Your instructions: The stretch wanted below opens at the line containing "DST迪桑特运动休闲男士加绒梭织运动长裤冬季新品 商品图7" and closes at the line containing "Covernex غطاء حماية". Please return it exactly, with no other lines.
______________________________
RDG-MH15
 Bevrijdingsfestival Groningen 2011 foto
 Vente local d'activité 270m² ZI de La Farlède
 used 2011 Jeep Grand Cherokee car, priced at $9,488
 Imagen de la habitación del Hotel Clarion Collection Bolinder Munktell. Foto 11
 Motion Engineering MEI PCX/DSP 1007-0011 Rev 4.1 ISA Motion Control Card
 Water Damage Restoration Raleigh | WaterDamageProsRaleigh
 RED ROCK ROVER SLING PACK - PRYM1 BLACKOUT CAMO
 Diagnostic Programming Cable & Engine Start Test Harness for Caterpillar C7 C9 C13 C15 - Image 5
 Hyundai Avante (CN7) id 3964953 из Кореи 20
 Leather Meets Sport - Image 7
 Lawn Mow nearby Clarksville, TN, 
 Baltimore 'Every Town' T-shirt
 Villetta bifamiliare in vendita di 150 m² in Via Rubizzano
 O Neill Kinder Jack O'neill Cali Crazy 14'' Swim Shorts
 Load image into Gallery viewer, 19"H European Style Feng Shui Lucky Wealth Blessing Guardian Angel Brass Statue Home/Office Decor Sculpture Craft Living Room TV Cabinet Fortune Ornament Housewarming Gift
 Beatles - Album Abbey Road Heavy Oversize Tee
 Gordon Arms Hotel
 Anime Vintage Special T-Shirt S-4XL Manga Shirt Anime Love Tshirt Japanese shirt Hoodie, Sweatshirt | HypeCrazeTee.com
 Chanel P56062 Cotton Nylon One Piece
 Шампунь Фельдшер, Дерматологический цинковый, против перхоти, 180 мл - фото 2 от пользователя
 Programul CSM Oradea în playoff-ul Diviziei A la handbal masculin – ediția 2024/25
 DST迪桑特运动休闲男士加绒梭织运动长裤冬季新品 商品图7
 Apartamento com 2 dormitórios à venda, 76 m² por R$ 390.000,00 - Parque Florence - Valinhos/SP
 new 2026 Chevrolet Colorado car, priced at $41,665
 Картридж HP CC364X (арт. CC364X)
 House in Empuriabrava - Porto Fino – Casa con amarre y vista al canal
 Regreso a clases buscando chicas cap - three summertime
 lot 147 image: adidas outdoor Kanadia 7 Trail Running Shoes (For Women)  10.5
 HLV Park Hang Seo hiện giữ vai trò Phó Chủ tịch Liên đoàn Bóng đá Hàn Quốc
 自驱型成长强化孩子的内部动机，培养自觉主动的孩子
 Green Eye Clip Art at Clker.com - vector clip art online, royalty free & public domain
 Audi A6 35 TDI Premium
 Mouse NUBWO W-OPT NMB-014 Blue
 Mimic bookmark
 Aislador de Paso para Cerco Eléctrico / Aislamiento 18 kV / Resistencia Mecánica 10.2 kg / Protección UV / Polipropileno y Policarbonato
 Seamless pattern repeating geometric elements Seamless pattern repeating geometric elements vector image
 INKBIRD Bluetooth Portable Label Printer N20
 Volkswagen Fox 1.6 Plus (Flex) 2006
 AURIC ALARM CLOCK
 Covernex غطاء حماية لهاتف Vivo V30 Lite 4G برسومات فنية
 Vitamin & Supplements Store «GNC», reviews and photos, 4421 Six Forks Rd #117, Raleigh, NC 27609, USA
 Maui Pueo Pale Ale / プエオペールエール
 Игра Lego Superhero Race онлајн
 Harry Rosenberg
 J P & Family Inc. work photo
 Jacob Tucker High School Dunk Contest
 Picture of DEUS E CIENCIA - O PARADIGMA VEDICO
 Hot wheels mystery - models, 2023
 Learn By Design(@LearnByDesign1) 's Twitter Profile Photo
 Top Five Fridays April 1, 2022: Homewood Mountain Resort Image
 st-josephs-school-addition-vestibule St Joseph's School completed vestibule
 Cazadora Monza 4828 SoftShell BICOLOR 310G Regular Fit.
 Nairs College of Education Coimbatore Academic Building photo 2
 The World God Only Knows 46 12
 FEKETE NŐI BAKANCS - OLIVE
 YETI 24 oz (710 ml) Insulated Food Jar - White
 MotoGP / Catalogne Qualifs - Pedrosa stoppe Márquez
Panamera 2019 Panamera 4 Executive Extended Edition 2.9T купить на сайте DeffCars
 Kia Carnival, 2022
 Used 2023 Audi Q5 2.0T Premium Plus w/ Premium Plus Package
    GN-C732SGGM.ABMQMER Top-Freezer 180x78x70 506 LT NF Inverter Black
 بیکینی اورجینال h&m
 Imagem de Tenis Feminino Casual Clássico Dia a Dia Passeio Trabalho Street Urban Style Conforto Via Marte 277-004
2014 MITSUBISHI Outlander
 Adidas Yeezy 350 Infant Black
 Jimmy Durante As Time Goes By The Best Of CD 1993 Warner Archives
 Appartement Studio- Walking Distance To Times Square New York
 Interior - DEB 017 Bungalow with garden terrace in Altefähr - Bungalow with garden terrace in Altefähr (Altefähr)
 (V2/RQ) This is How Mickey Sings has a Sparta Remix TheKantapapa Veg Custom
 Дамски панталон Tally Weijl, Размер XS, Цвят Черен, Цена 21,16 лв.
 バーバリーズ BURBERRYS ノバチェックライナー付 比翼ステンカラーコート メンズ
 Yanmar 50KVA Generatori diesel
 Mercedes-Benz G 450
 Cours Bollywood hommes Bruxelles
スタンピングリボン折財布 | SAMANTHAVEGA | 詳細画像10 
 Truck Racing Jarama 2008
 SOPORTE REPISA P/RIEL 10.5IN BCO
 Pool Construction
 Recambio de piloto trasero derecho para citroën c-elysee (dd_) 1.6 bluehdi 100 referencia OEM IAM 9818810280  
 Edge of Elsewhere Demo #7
______________________________
Answer section:
 DST迪桑特运动休闲男士加绒梭织运动长裤冬季新品 商品图7
 Apartamento com 2 dormitórios à venda, 76 m² por R$ 390.000,00 - Parque Florence - Valinhos/SP
 new 2026 Chevrolet Colorado car, priced at $41,665
 Картридж HP CC364X (арт. CC364X)
 House in Empuriabrava - Porto Fino – Casa con amarre y vista al canal
 Regreso a clases buscando chicas cap - three summertime
 lot 147 image: adidas outdoor Kanadia 7 Trail Running Shoes (For Women)  10.5
 HLV Park Hang Seo hiện giữ vai trò Phó Chủ tịch Liên đoàn Bóng đá Hàn Quốc
 自驱型成长强化孩子的内部动机，培养自觉主动的孩子
 Green Eye Clip Art at Clker.com - vector clip art online, royalty free & public domain
 Audi A6 35 TDI Premium
 Mouse NUBWO W-OPT NMB-014 Blue
 Mimic bookmark
 Aislador de Paso para Cerco Eléctrico / Aislamiento 18 kV / Resistencia Mecánica 10.2 kg / Protección UV / Polipropileno y Policarbonato
 Seamless pattern repeating geometric elements Seamless pattern repeating geometric elements vector image
 INKBIRD Bluetooth Portable Label Printer N20
 Volkswagen Fox 1.6 Plus (Flex) 2006
 AURIC ALARM CLOCK
 Covernex غطاء حماية لهاتف Vivo V30 Lite 4G برسومات فنية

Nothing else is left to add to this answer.